Take, for example, France, which was already close to 100% of its GDP debt ratio before COVID, which exceeded 100% abundantly during COVID and now seems to be on its way to a moderate debt reduction.

The debt, however, continues to increase, but despite this, the debt/GDP ratio has decreased. How was this possible? Simple, with what has been called the absolute evil but which has solved the budgetary problems of so many European countries: inflation.

French inflation over the last three years has been, shall we say, interesting…
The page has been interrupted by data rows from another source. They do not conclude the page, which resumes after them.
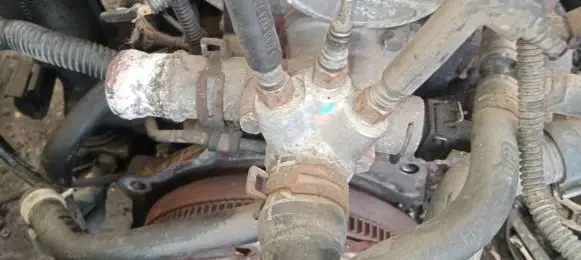 Audi A3 S3 8L Engine coolant pipe/hose 038121133A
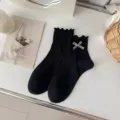 Süße schwarze Damensocken mit Karoschleife und verspieltem Rüschenrand für den Alltagslook. - Einheitsgröße / Schwarz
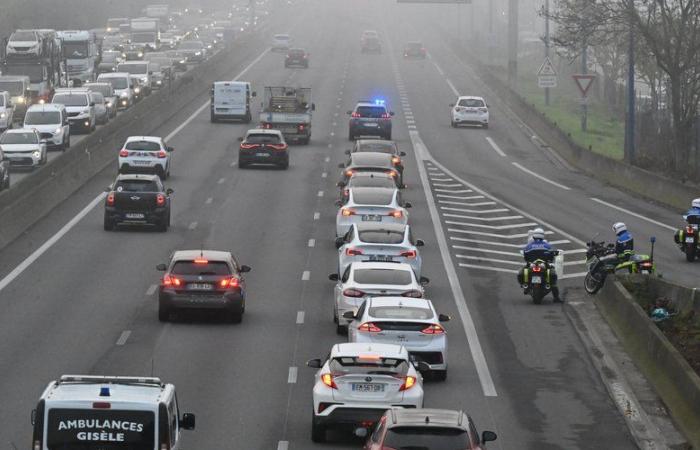 le cortège arrive au centre-ville, après une lente opération sur le périphérique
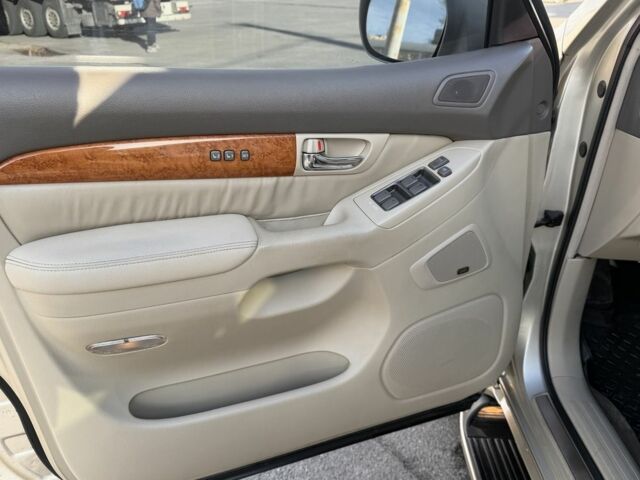 Бежевый Лексус ГХ, объемом двигателя 4.7 л и пробегом 247 тыс. км за 13950 $, фото 7 на Automoto.ua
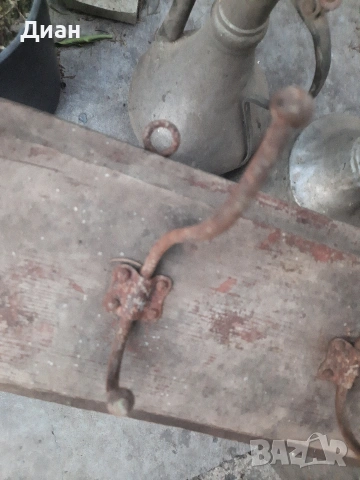 Стара закачалка, снимка 3 - Антикварни и старинни предмети - 54322002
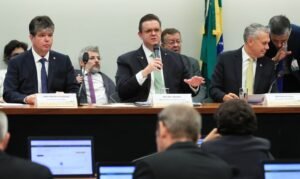 O ministro da Previdência Social, Wolney Queiroz, disse nesta terça-feira (10) que ainda não tem o número final dos descontos indevidos feitos por entidades associativas nos pagamentos a aposentados e pensionistas do Instituto Nacional do Seguro Social (INSS), mas que estima que o valor fique entre R$ 2 bilhões a R$ 3 bilhões.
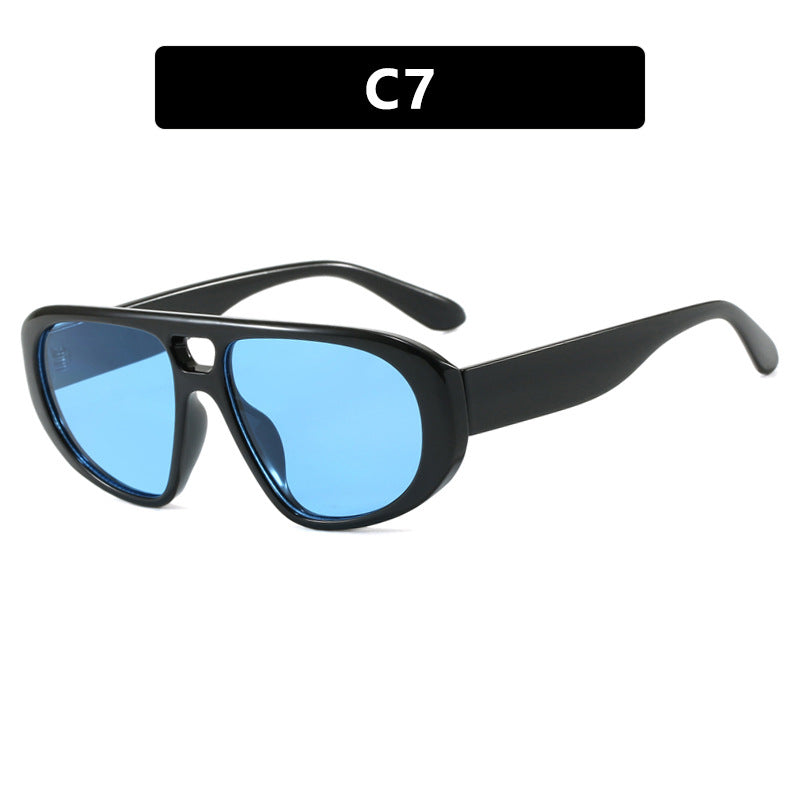Women's sporty sunglasses with a wide durable frame and polarized lenses Kalsten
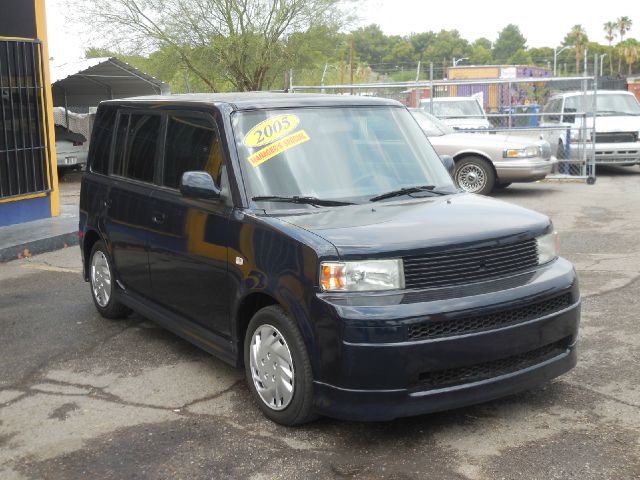 Scion xB 2004 photo 2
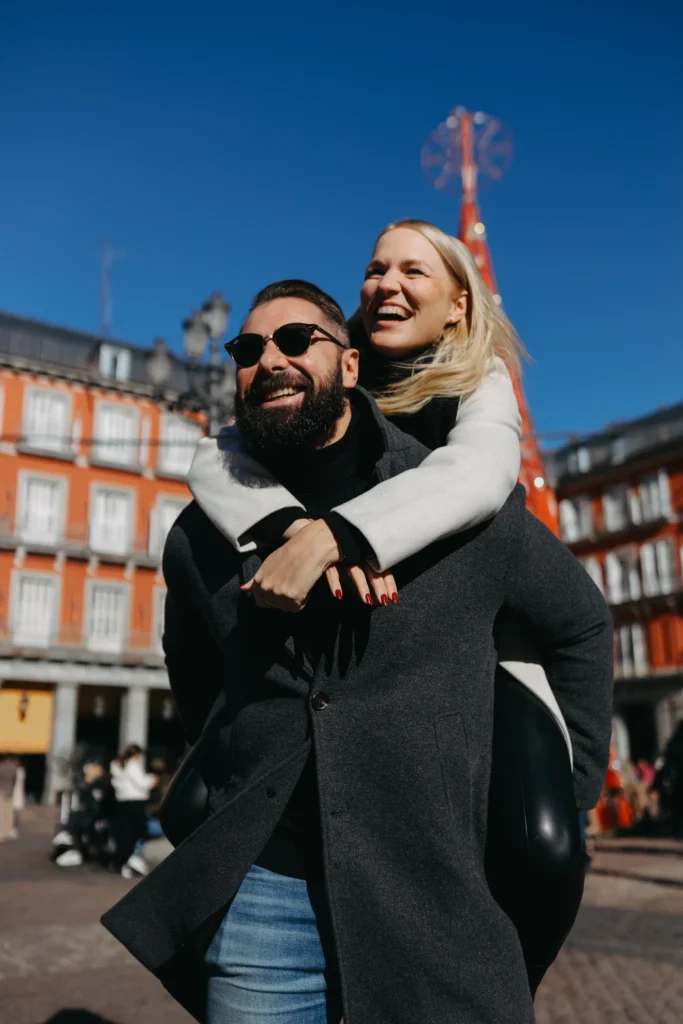 Arturo Cordero Fotografía-Fotógrafo en Madrid-Sesiones de fotos-familia-compromiso-bodas-retratos-postboda-PLAZA-MAYOR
The drop between 2021 and 2022 and also in 2022–23 occurred mainly, trivially, because inflation exceeded the debt crediting rate and will do so at current data, even in 2023. Since debt is a nominal value, whereas debt/GDP is a ratio in which the denominator is a real value, which grows with inflation, the debt/GDP ratio is more easily resolved with somewhat higher inflation, such as that from 2021. After all, France in the early 1980s and 1970s was certainly not a country that was light on public spending, yet inflation allowed it to maintain a low debt/GDP ratio.

The ECB’s success in curbing inflation, so to speak, therefore complicates governments’ attempts to contain debt. Incidentally, France has exceeded the European Commission’s sacred deficit/GDP ratio until 2022.

If from 2024 this criterion is reintroduced, will France be able to meet it, or will it join the group of countries that now consider this value unrealistic?